- _Exercise description_: Among the records that follow, set down only the lines from the one containing "Tazza Decorata Porta Piante" to the one containing "Banner de celebração de feliz aniversário", both included, exactly.

- _Input_:
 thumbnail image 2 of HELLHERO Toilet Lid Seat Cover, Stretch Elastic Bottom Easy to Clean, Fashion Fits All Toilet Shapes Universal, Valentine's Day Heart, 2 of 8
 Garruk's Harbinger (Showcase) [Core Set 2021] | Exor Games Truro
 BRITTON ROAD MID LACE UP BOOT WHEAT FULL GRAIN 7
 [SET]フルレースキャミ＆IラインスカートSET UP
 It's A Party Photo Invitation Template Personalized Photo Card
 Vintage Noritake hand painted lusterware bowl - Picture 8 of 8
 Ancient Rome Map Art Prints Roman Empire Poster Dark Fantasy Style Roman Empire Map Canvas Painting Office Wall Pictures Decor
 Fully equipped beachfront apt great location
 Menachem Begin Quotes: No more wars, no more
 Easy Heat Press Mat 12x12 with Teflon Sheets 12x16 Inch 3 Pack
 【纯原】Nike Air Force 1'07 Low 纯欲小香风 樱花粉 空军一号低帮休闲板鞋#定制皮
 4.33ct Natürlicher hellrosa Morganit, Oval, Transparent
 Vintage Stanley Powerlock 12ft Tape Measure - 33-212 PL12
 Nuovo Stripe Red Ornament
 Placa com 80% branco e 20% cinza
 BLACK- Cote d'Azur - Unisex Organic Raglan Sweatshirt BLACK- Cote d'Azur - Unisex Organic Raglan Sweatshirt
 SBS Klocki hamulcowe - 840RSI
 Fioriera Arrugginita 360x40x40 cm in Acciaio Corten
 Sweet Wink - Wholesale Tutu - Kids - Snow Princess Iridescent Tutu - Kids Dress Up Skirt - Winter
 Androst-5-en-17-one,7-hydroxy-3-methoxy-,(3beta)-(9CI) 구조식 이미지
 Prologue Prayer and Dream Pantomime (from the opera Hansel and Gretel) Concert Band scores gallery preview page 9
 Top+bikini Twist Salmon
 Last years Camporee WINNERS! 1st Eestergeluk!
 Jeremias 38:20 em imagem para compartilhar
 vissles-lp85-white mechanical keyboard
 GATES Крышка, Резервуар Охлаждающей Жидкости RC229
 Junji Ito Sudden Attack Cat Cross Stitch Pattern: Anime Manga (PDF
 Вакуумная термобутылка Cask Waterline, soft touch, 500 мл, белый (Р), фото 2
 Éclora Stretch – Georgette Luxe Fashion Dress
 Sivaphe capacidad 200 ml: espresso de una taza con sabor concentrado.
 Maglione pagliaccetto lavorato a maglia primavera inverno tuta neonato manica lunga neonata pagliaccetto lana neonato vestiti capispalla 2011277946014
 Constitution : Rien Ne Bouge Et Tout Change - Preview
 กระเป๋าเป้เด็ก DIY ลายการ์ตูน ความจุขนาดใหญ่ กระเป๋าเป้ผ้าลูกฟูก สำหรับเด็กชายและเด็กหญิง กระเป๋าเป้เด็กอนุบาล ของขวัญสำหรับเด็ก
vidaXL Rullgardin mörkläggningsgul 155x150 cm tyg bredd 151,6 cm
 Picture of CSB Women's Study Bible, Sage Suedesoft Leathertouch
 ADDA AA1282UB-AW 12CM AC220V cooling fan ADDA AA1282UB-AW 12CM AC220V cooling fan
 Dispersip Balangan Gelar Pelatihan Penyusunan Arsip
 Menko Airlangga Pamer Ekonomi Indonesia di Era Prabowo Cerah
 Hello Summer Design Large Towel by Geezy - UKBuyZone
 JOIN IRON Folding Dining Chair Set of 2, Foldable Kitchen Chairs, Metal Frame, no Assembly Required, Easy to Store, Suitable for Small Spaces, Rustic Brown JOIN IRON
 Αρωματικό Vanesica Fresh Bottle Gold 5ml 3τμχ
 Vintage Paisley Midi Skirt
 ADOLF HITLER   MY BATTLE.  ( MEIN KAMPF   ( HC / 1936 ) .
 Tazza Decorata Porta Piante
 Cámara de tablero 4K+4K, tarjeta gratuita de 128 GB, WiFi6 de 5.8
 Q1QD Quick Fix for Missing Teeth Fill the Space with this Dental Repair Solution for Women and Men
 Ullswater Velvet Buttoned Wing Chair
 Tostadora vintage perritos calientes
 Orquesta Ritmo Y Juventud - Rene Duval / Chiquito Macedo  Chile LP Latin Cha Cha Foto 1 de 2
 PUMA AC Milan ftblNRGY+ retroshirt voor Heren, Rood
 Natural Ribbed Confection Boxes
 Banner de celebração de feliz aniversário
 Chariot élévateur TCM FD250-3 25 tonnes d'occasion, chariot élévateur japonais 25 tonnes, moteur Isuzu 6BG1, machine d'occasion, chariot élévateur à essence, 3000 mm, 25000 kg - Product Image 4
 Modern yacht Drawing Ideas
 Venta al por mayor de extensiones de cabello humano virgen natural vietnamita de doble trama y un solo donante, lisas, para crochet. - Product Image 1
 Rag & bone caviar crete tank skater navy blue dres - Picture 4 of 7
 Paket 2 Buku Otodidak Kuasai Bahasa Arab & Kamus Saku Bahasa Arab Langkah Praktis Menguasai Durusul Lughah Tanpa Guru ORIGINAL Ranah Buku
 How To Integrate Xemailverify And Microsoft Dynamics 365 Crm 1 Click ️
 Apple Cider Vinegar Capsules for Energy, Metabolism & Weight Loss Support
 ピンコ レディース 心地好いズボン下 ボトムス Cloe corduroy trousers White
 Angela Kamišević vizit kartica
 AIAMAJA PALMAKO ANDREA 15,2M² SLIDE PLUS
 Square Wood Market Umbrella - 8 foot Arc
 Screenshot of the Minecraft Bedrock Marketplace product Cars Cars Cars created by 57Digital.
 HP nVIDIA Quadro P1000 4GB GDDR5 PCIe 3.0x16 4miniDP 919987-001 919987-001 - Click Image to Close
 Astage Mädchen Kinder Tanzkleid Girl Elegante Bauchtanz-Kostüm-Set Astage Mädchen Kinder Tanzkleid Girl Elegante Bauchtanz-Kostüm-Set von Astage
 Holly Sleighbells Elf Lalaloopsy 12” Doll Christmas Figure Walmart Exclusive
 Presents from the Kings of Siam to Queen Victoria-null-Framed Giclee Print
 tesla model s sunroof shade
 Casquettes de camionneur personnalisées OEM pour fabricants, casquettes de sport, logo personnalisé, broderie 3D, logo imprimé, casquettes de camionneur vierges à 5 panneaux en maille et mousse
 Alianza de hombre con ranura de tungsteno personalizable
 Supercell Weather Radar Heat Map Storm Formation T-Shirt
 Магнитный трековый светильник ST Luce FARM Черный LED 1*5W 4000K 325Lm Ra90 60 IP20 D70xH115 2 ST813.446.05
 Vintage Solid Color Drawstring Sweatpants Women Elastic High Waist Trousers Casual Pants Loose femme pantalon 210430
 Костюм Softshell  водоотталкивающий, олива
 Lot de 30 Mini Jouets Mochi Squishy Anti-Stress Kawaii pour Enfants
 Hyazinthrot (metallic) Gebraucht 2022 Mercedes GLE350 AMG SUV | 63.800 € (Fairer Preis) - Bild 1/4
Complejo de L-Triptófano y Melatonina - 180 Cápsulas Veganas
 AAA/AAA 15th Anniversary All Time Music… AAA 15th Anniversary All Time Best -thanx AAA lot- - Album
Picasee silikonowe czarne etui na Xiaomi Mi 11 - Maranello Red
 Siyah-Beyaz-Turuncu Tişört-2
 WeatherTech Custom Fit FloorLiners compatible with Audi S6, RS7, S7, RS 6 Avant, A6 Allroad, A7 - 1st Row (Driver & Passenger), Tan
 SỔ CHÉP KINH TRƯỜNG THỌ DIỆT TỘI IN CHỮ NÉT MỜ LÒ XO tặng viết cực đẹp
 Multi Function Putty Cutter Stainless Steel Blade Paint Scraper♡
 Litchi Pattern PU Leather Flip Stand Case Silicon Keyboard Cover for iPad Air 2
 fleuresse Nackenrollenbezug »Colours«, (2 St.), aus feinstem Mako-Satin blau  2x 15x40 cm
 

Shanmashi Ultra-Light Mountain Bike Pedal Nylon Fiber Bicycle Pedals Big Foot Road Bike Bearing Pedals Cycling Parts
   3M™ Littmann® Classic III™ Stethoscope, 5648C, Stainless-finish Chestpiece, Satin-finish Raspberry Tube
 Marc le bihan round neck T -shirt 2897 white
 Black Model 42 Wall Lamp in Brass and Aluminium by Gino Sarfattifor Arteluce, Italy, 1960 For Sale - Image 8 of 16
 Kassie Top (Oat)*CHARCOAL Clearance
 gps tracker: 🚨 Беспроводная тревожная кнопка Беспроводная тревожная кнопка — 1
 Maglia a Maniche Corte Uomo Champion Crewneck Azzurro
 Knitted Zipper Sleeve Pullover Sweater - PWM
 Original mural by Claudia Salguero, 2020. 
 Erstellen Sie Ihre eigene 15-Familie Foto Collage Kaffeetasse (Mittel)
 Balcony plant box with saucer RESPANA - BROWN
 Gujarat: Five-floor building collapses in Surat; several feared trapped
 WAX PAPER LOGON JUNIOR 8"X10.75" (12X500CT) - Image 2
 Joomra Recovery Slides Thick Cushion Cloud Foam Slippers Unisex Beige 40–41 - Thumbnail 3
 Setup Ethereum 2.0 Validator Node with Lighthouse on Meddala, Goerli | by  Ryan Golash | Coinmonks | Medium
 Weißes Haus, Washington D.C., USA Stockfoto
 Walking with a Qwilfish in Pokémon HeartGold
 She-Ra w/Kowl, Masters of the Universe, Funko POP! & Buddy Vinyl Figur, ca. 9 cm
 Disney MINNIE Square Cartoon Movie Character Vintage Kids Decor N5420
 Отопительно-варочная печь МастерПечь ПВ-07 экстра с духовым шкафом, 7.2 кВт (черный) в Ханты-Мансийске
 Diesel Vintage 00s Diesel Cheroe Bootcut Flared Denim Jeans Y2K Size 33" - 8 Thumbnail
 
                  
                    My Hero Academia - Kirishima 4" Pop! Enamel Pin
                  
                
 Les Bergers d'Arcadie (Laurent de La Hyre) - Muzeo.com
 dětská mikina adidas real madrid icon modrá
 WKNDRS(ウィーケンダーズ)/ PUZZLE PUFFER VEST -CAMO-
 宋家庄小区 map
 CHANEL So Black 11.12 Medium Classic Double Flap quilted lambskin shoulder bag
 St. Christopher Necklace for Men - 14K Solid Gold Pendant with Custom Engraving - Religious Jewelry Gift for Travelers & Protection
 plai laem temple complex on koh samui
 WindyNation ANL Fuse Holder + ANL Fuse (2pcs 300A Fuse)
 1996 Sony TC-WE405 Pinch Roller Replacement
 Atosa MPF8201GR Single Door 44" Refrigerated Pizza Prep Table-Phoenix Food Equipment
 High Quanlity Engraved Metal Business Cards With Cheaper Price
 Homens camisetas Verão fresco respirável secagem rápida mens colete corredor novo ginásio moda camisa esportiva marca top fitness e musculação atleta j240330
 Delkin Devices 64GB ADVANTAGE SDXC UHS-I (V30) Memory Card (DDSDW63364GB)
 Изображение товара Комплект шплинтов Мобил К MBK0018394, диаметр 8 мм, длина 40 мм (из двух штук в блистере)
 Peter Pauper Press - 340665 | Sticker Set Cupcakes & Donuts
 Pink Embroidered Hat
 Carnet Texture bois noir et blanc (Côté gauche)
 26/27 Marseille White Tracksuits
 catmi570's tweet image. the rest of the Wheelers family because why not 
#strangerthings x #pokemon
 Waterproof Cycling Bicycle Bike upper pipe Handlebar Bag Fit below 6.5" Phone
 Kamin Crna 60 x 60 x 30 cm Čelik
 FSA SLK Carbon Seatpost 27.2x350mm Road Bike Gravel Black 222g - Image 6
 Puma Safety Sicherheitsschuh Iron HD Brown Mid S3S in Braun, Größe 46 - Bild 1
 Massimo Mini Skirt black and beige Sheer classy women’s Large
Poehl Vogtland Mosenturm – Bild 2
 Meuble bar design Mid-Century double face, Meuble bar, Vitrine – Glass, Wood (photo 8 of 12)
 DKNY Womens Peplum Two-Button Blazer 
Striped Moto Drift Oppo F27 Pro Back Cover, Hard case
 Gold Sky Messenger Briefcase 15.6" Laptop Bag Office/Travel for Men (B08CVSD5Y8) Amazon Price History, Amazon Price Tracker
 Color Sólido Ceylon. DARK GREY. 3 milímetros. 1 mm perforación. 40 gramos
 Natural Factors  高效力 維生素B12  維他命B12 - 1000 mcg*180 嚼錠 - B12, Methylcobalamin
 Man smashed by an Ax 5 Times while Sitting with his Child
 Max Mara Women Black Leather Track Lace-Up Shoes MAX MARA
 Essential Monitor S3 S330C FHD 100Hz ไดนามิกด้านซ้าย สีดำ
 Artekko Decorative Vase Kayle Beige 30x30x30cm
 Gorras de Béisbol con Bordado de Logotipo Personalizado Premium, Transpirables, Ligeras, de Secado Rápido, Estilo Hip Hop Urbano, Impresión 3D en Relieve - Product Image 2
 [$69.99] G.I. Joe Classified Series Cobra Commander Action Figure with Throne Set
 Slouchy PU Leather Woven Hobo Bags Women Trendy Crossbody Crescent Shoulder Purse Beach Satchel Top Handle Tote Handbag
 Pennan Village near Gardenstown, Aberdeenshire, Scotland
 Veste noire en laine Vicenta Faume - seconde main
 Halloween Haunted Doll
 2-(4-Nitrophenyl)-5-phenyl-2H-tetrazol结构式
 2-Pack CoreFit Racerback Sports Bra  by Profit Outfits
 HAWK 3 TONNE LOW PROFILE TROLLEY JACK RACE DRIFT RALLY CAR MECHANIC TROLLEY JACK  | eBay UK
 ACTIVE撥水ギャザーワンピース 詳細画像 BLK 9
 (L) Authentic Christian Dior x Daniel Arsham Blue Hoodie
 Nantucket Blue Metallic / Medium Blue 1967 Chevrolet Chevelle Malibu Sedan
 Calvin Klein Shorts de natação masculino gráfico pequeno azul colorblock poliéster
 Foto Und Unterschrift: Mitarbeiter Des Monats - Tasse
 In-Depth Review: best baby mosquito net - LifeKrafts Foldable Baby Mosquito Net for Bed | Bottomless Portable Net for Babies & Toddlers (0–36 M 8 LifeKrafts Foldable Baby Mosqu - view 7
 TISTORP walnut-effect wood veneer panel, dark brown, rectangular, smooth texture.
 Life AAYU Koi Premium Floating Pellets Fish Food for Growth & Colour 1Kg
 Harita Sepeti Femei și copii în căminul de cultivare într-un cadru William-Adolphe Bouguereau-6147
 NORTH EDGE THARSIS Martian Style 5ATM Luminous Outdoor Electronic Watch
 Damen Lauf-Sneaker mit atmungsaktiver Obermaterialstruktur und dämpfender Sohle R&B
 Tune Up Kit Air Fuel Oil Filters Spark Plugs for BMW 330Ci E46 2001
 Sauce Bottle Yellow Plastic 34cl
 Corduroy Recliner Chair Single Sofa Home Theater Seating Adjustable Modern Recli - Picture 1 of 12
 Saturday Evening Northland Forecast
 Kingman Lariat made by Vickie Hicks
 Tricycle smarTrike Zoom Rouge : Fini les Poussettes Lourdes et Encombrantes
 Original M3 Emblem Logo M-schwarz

- _Answer box_:
 Tazza Decorata Porta Piante
 Cámara de tablero 4K+4K, tarjeta gratuita de 128 GB, WiFi6 de 5.8
 Q1QD Quick Fix for Missing Teeth Fill the Space with this Dental Repair Solution for Women and Men
 Ullswater Velvet Buttoned Wing Chair
 Tostadora vintage perritos calientes
 Orquesta Ritmo Y Juventud - Rene Duval / Chiquito Macedo  Chile LP Latin Cha Cha Foto 1 de 2
 PUMA AC Milan ftblNRGY+ retroshirt voor Heren, Rood
 Natural Ribbed Confection Boxes
 Banner de celebração de feliz aniversário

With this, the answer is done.